Go to the line holding "Hallway with hammers on dirty subfloor" in the data below and repeat it exactly, then each line after it up to and including the one holding "Lyonsgate Montessori School". Omit pictures.

[Source material]
►

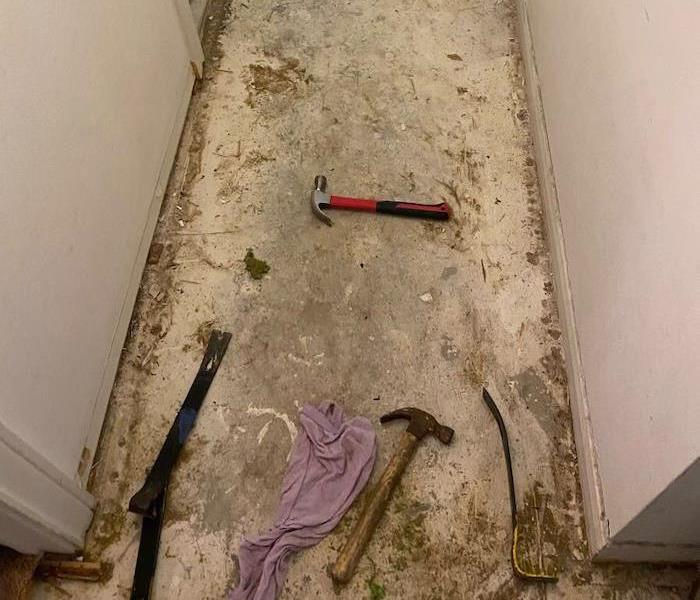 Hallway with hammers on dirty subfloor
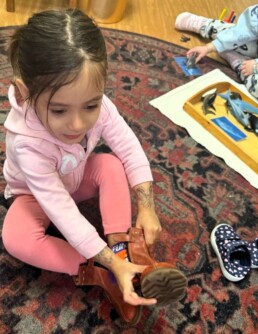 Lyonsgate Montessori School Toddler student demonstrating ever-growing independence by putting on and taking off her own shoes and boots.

◄
►

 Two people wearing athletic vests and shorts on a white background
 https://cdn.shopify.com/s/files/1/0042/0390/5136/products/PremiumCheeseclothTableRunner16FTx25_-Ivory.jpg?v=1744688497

◄
►

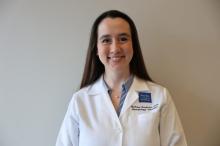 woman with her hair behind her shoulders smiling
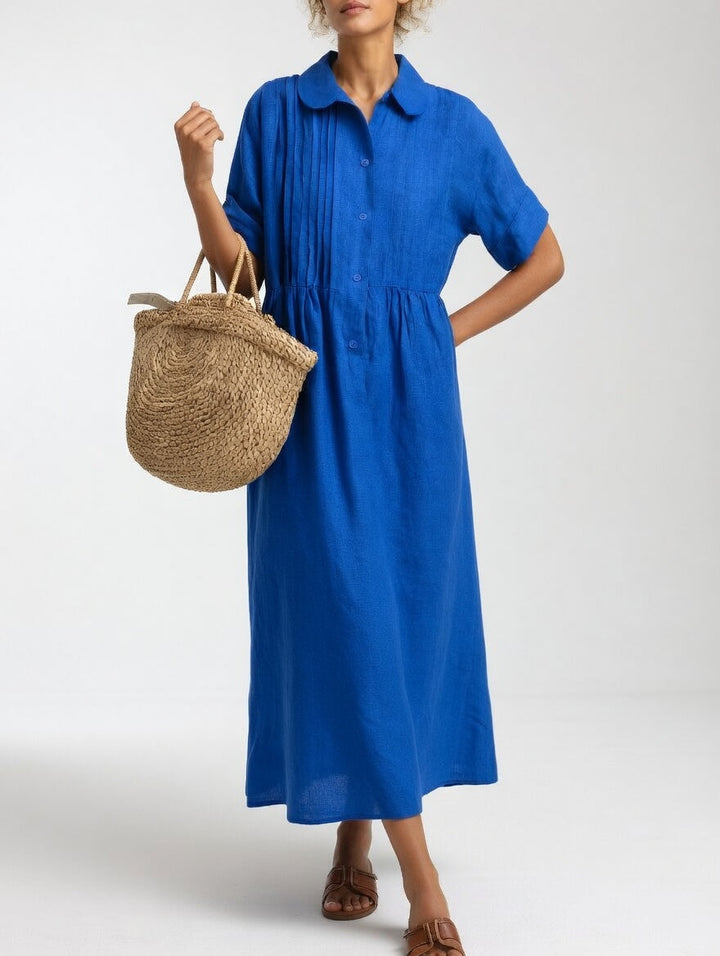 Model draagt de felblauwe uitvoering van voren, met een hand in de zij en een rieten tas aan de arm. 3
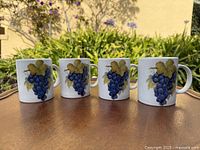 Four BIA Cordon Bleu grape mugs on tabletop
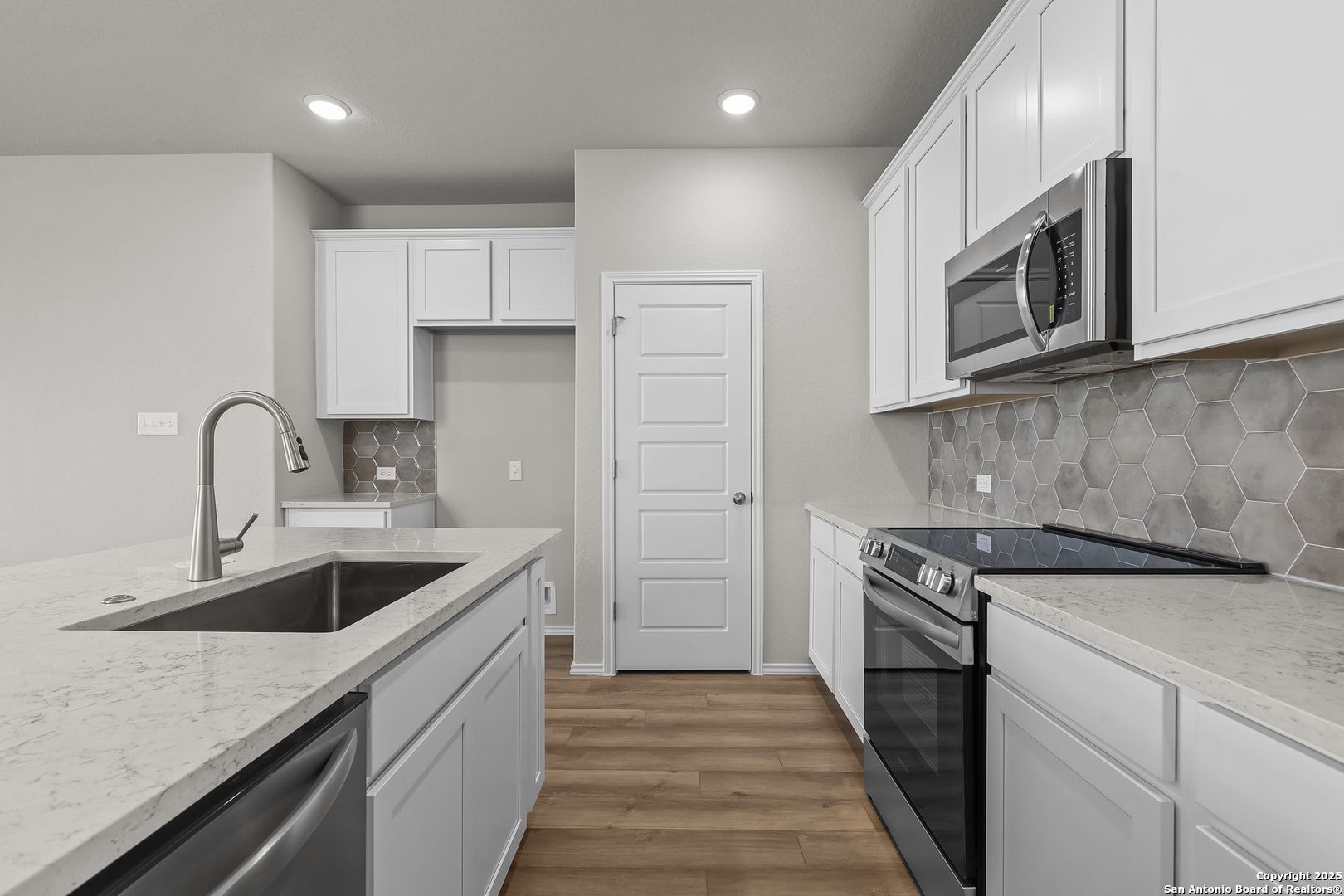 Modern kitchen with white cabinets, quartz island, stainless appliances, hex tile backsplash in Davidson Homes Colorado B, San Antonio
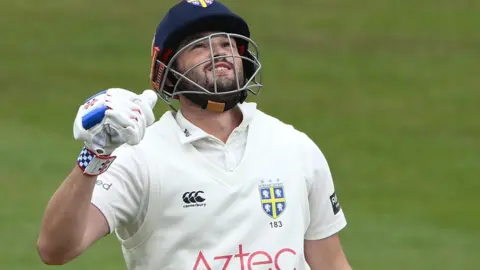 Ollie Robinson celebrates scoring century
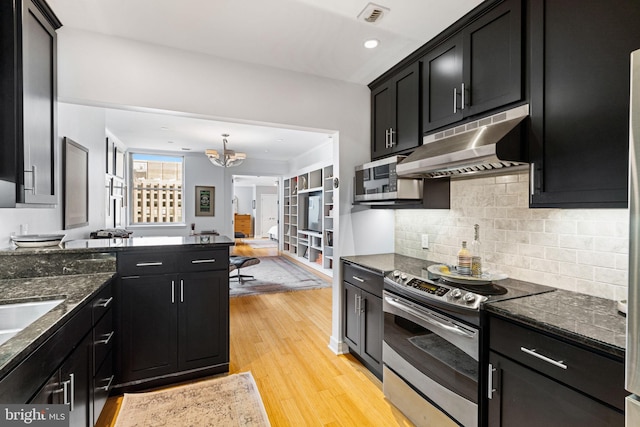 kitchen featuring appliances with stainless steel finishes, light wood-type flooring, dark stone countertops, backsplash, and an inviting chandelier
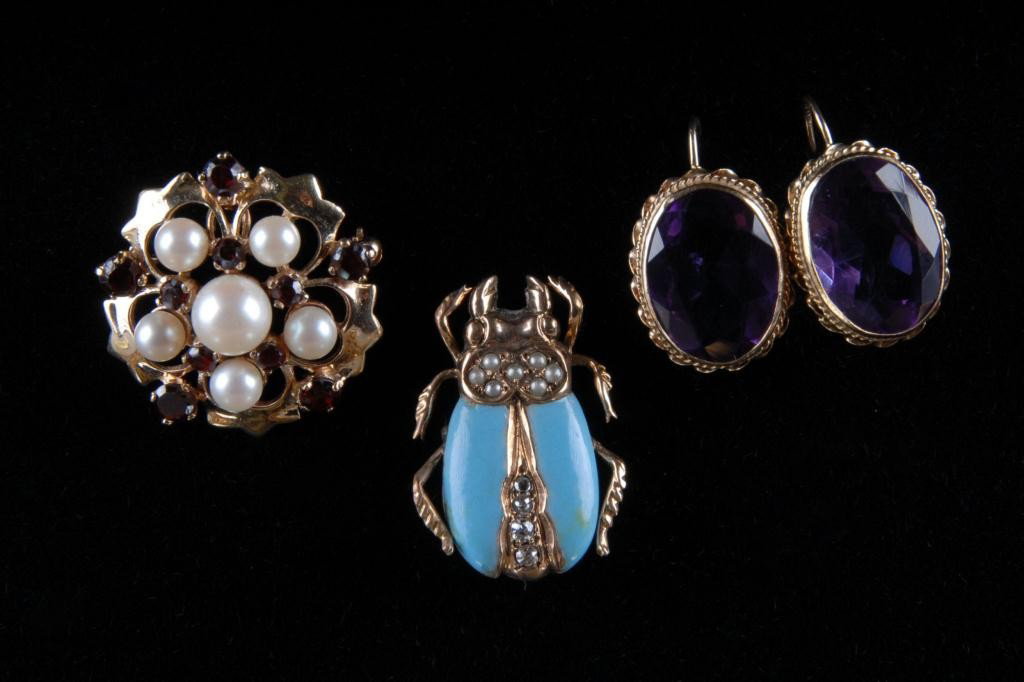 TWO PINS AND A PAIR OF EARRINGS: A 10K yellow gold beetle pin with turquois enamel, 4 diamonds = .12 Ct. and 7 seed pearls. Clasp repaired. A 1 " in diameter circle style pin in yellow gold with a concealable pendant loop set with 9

◄

[Task result]
 Hallway with hammers on dirty subfloor
 Lyonsgate Montessori School Toddler student demonstrating ever-growing independence by putting on and taking off her own shoes and boots.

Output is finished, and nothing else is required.